*GOAL OF THE EXERCISE:*
Pull every line with "Lake" from the entries below.
===== GIVEN DATA =====
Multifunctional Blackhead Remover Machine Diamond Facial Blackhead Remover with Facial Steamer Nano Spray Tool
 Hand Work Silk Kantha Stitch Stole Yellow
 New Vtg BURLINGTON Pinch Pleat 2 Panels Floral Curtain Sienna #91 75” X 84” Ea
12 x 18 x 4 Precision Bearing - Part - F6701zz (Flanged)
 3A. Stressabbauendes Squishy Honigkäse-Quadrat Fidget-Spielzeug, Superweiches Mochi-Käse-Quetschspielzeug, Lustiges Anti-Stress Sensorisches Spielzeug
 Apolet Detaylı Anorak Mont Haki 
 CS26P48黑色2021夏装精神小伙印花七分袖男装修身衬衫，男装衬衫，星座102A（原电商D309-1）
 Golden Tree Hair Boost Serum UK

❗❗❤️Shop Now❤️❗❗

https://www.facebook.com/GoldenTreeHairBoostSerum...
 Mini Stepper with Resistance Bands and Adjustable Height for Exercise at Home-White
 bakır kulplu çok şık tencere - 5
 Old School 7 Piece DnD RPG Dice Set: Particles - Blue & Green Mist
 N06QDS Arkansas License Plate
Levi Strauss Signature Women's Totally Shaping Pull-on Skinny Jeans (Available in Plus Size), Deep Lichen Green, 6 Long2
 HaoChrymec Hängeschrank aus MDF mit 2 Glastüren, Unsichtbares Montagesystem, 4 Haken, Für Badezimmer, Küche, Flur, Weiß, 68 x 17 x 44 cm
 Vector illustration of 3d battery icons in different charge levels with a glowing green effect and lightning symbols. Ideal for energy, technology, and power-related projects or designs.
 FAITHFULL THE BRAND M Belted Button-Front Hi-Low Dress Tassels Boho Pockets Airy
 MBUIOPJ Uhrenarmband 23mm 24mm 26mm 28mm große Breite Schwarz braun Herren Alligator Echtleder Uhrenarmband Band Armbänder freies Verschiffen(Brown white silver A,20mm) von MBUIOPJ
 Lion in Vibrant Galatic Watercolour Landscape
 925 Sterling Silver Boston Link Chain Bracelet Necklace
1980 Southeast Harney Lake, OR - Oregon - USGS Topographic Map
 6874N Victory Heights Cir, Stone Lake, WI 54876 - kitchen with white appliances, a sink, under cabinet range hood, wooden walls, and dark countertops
=====
*WRITTEN SOLUTION:*
1980 Southeast Harney Lake, OR - Oregon - USGS Topographic Map
 6874N Victory Heights Cir, Stone Lake, WI 54876 - kitchen with white appliances, a sink, under cabinet range hood, wooden walls, and dark countertops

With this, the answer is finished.